L'occhio della morte arriva in Occidente
Sydney Wells è una talentuosa musicista che ha perso la vista quando era ancora una bambina. E' bella, benestante, vive in una splendida casa e finalmente assapora la possibilità di tornare a vedere grazie a un trapianto di cornea. L'operazione riesce perfettamente ma le causa continue e spaventose allucinazioni e violenti incubi notturni. Progressivamente riesce a dare un senso compiuto alle sue visione e comprende di essere in grado di vedere la morte, perché portatrice di cornee appartenute a una giovane messicana, morta probabilmente in circostanze poco chiare.
A volte ritornano.

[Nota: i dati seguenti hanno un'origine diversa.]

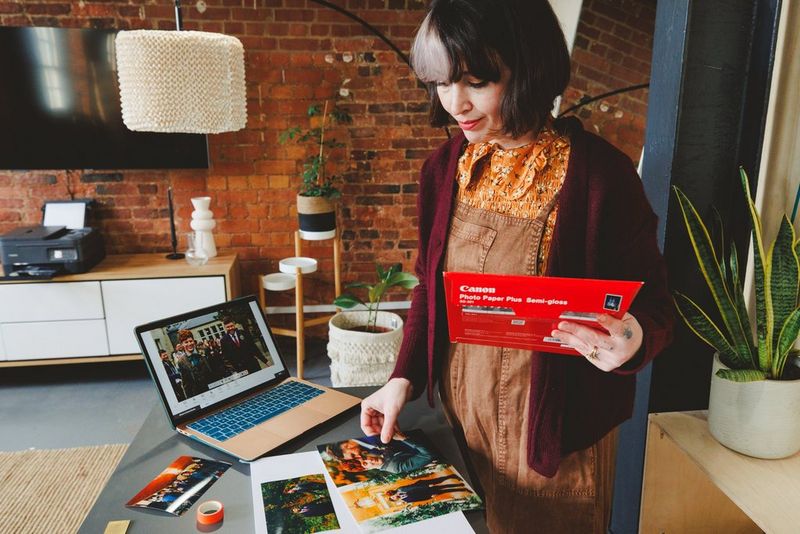 Een selectie van geprinte trouwfoto's voor een open laptop, terwijl een vrouw achter de laptop een foto bestudeert die net is geprint.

Sembrava bella e archiviata la pratica dei remake horror made in Asia e invece ecco, fuori tempo massimo, spuntare l'ennesimo svogliato saccheggio americano. Se poi si sceglie come modello uno dei prodotti più sopravvalutati del genere, come The Eye di Oxide Pang Chun e Danny Pang e si decide di farne una copia carbone (diminuendo solo il numero di vittime dell'incidente finale e aumentando lo sfarzo glamour dell'abitazione della protagonista) senza neanche tentare una lettura stilistica o narrativa minimamente personale, la possibilità di uscirne con un film rimarchevole si fa davvero ardua. Specie se David Moreau e Xavier Palud - reduci dal discreto ma non trascendentale horror francese Them - ci mettono anche del loro con una regia compassata e anonima e una direzione degli attori deficitaria.
Al di là di una piattezza complessiva, che rischia perfino di far rimpiangere la rozza efficacia del modello orginale (che era già sostanzialmente un prodotto derivativo) The Eye è un film che attualmente non ha ragione di esistere anche sotto il profilo meramente commerciale e che va oltre la tanto affossata tendenza americana a internazionalizzare e banalizzare il cinema altro, per divenire il paradigma di un'industria dal fiato corto e dalle idee confuse. Almeno, o soprattutto, in campo horror, dove la rinnovata tendenza a un indurimento tematico e grafico, anche all'interno della produzione mainstream, si dimostra ancora come solo il risultato delle dinamiche sociali contemporanee, più che l'esplicitazione di un presa di posizione forte. A questo va aggiunto che anche sotto questo proflilo, The Eye è un film vecchio di almeno cinque anni e sembra essere uno scarto della ringumania che sbancò non pochi botteghini occidentali poche stagioni fa, ma che rispetto agli standard attuali latita sotto il profilo delle emozioni forte e della quantità dii sangue e frattaglie. Se poi qualcuno ha ancora il tempo e la pazienza di interpretare il film di Moreau e Palud come una moderna riflessione sulla produzione di immagini e sulla responsabilità dello sguardo e di salvare capre e cavoli con un artificio critico vecchio come il cinema, amen. A ognuno le proprie ossessioni.